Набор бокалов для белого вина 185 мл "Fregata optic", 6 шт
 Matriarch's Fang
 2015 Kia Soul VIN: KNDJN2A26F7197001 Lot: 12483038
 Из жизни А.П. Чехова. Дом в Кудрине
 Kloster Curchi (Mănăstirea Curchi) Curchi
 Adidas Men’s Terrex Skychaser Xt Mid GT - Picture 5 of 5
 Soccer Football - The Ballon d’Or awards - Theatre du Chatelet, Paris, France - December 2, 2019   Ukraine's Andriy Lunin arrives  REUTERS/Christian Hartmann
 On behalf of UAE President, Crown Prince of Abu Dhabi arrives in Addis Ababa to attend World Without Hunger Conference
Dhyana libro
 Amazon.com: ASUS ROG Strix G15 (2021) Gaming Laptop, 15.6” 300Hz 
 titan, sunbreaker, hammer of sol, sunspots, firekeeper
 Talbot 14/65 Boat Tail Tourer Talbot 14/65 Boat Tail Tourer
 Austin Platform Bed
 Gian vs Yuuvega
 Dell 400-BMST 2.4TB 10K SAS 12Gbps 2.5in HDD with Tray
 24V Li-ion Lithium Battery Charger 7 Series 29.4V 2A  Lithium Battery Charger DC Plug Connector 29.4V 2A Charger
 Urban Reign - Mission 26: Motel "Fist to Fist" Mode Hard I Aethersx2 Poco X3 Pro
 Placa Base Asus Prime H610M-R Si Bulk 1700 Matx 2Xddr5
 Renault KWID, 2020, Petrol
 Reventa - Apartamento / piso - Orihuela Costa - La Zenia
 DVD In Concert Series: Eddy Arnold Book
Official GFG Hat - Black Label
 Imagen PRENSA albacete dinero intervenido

* [Try it] Starting at the line that contains "24V Li-ion Lithium", print every line through the last one of the records, exactly and with nothing else.

* [Answer space]
 24V Li-ion Lithium Battery Charger 7 Series 29.4V 2A  Lithium Battery Charger DC Plug Connector 29.4V 2A Charger
 Urban Reign - Mission 26: Motel "Fist to Fist" Mode Hard I Aethersx2 Poco X3 Pro
 Placa Base Asus Prime H610M-R Si Bulk 1700 Matx 2Xddr5
 Renault KWID, 2020, Petrol
 Reventa - Apartamento / piso - Orihuela Costa - La Zenia
 DVD In Concert Series: Eddy Arnold Book
Official GFG Hat - Black Label
 Imagen PRENSA albacete dinero intervenido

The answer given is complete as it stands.